Reproduce the lines below exactly, from the one containing "Here in the" through the one containing "Today we are", both included. Leave out any pictures.

## SOURCE DATA
****
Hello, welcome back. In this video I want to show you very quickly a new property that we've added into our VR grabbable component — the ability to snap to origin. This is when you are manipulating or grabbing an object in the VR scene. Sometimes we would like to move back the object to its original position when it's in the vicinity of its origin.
****
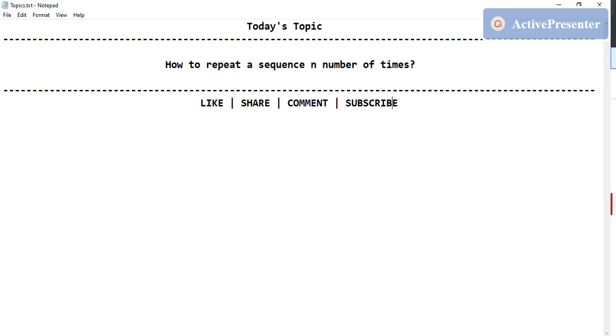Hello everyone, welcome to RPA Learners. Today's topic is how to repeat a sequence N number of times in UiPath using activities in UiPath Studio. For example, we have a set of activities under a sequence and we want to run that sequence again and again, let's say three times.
****
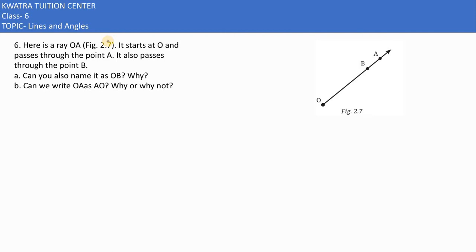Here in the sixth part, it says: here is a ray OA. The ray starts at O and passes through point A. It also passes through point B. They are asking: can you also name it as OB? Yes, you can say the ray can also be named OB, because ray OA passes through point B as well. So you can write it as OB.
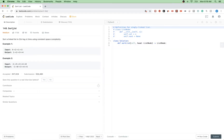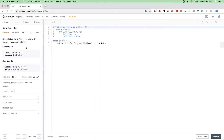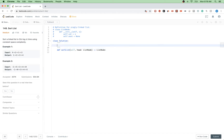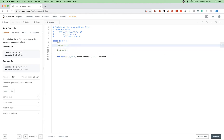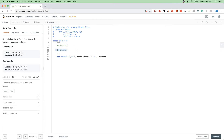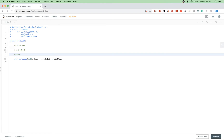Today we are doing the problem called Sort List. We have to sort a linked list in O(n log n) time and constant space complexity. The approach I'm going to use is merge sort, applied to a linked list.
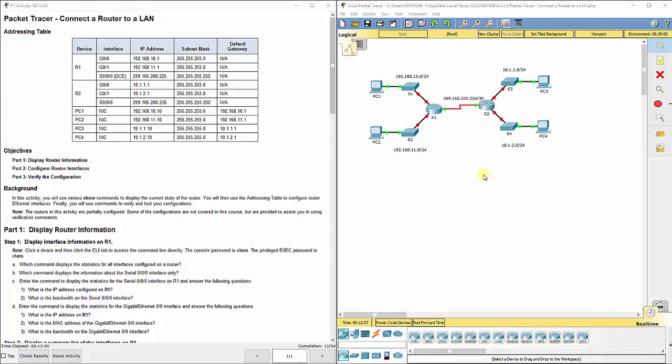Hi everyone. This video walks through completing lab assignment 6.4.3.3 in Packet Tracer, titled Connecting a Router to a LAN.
****
## ANSWER TO THIS TASK
Here in the sixth part, it says: here is a ray OA. The ray starts at O and passes through point A. It also passes through point B. They are asking: can you also name it as OB? Yes, you can say the ray can also be named OB, because ray OA passes through point B as well. So you can write it as OB.
Today we are doing the problem called Sort List. We have to sort a linked list in O(n log n) time and constant space complexity. The approach I'm going to use is merge sort, applied to a linked list.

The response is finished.